Directions for this task —
Set down each line of the data below exactly as it stands, dropping the pictures.

Material provided —

□ □ □ □ □

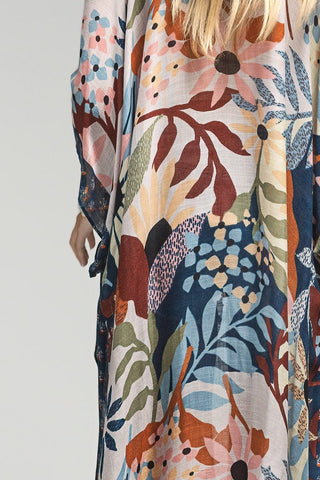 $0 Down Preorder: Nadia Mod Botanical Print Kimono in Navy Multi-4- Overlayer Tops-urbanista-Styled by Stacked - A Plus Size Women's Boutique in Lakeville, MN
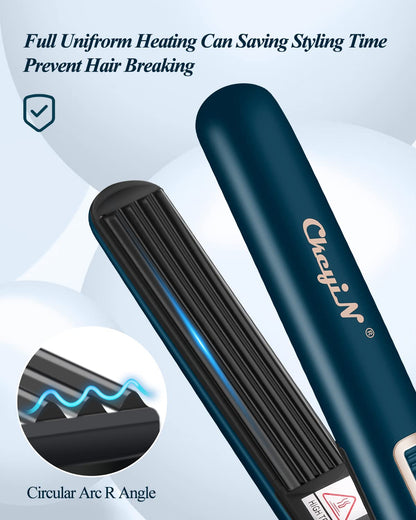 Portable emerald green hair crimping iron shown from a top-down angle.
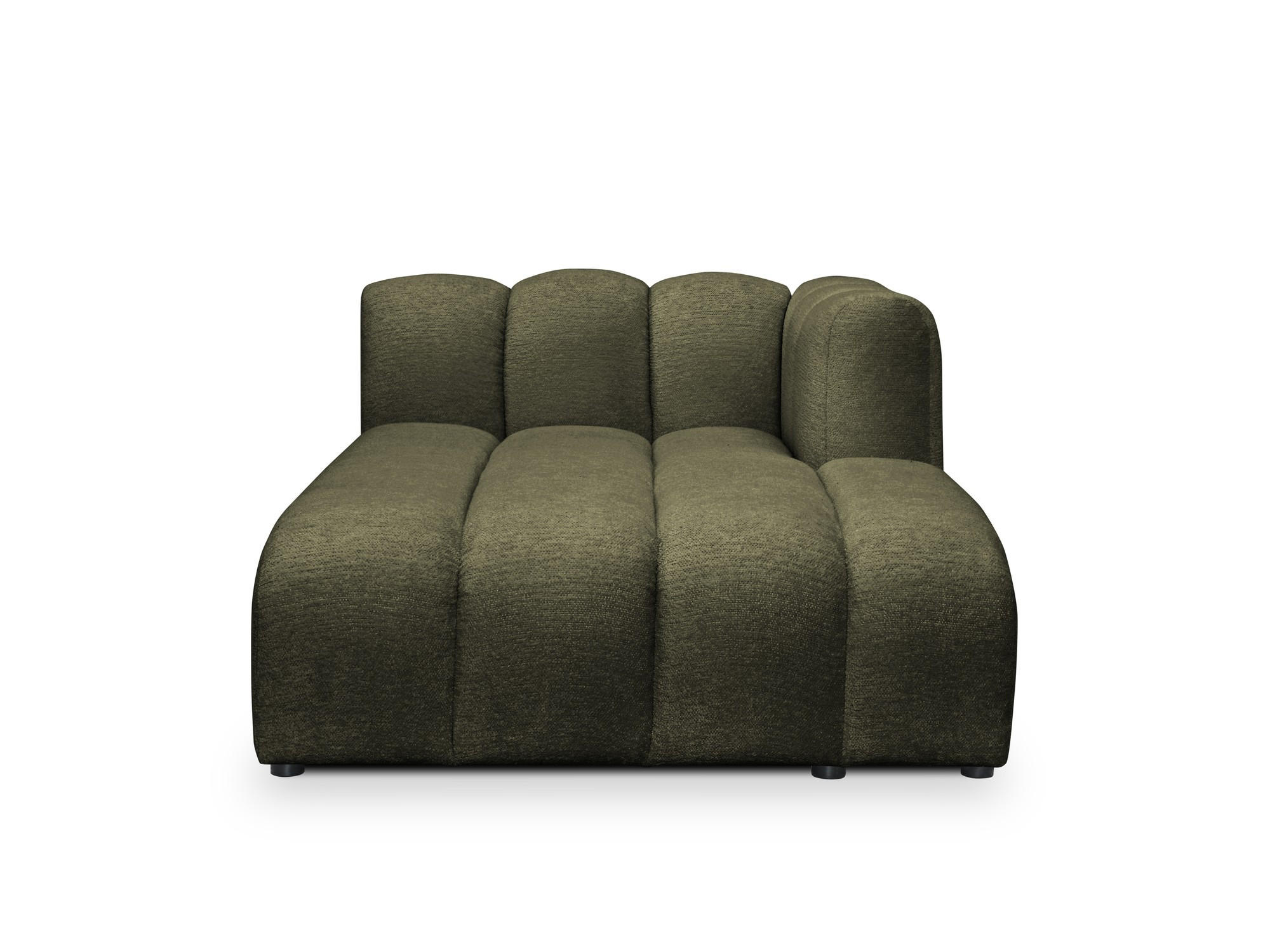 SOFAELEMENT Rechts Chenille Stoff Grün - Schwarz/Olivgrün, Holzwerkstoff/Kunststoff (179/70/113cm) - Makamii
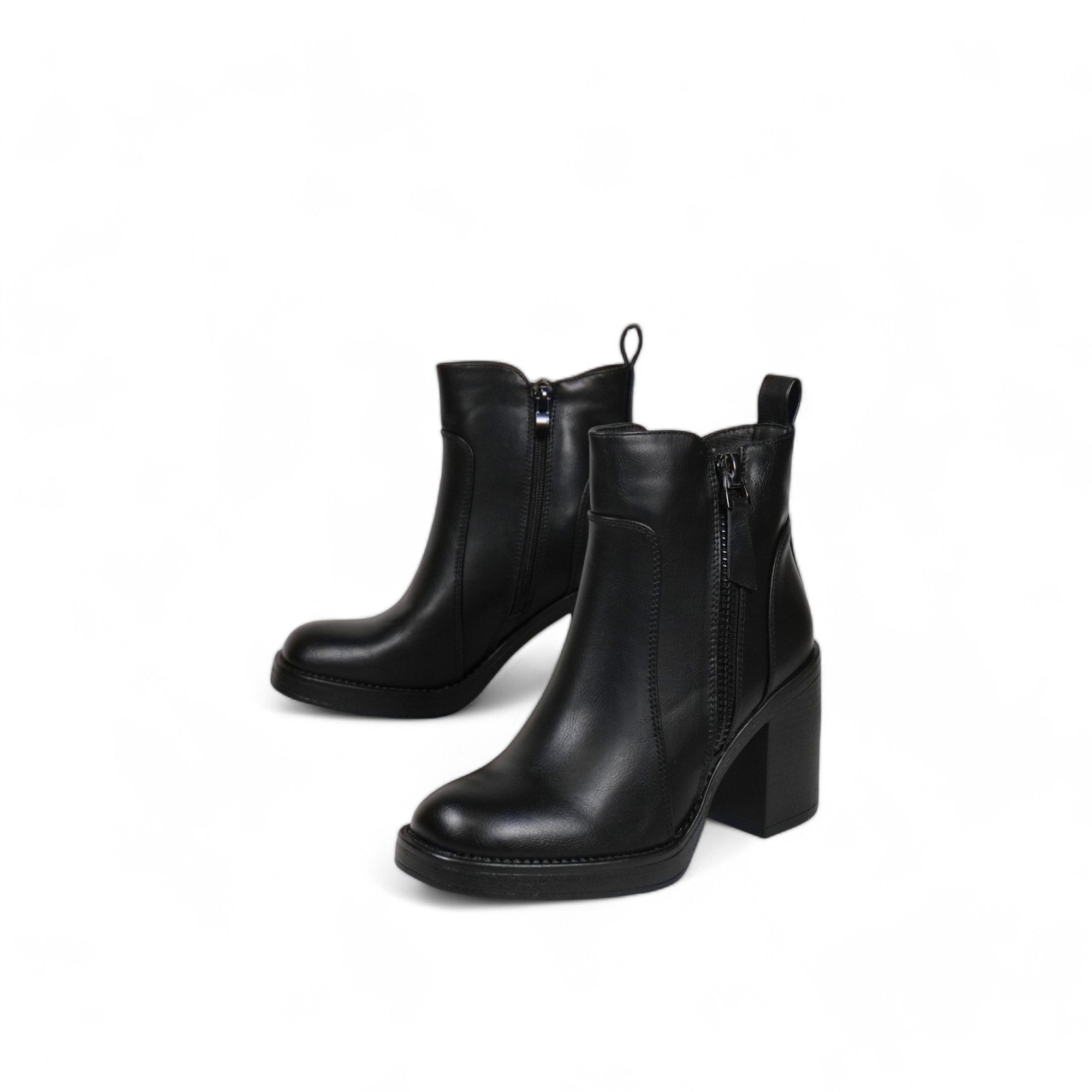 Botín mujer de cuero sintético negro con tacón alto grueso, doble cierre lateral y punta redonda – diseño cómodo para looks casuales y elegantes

□ □ □ □ □

Exercise response —
 $0 Down Preorder: Nadia Mod Botanical Print Kimono in Navy Multi-4- Overlayer Tops-urbanista-Styled by Stacked - A Plus Size Women's Boutique in Lakeville, MN
 Portable emerald green hair crimping iron shown from a top-down angle.
 SOFAELEMENT Rechts Chenille Stoff Grün - Schwarz/Olivgrün, Holzwerkstoff/Kunststoff (179/70/113cm) - Makamii
 Botín mujer de cuero sintético negro con tacón alto grueso, doble cierre lateral y punta redonda – diseño cómodo para looks casuales y elegantes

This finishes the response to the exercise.